Another passion is his college student experience from 1956 to 1960. Even now, nearly 48 years after receiving a bachelor’s degree in English, San Diego’s College for Men holds a permanent place in his heart.
“The College for Men opened my eyes to what was around me, what was available to me as a human being. I was bright, but I did not realize what it could mean for me until I got into that school,” says Bowman, who was 28 when he started at the institution that later merged with the San Diego College for Women to become the University of San Diego.
Bowman gained admission into the institution based on two recommendations and the encouragement of Irving Parker, who was the College for Men’s dean of admissions. Parker offered Bowman a chance to attend college, but only if he kept his grades up. Bowman failed two classes his first semester and Parker reminded him of their agreement.

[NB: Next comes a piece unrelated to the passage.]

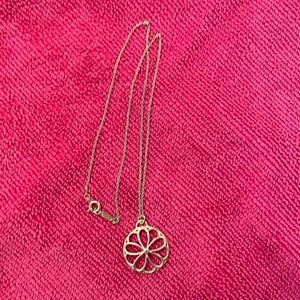 Tiffany sterling silver circle flower pendant necklace with small diamond center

Parker, however, gave Bowman a second chance because of two A grades in English and a B in American History.
“Had it not been for Dean Parker’s faith in me, I would perhaps be mired still in that infernal swamp of failures fruitlessly seeking a means of escape,” says Bowman, who spoke at a recent memorial Mass inside Founders Chapel for Parker, who passed away in November. “Whatever success I have enjoyed during those 51 years since that late summer of 1956, I owe to the man we pray for today. Irving Parker was not only my benefactor and teacher, but he was also my inspiration.”
Bowman, who took classes at San Diego City College to build academic confidence, arrived on the College for Men campus the year the school fielded its first football team. He still says he earned both his degrees from the San Diego College for Men. It’s a source of pride. It’s his way to ensure that the College for Men’s contributions are not forgotten.
“We had excellent faculty. They knew most of us weren’t well-educated in the lower grades, and they took time with us and they explained things we couldn’t figure out,” Bowman says. “The faculty and the students were just one group. We were bonded together. Many of us were married and trying to make a living. It was a common need for all of us to get an education. Out of this group came teachers, lawyers, judges and professional businessmen, and all of it came out of this little school located across the street.”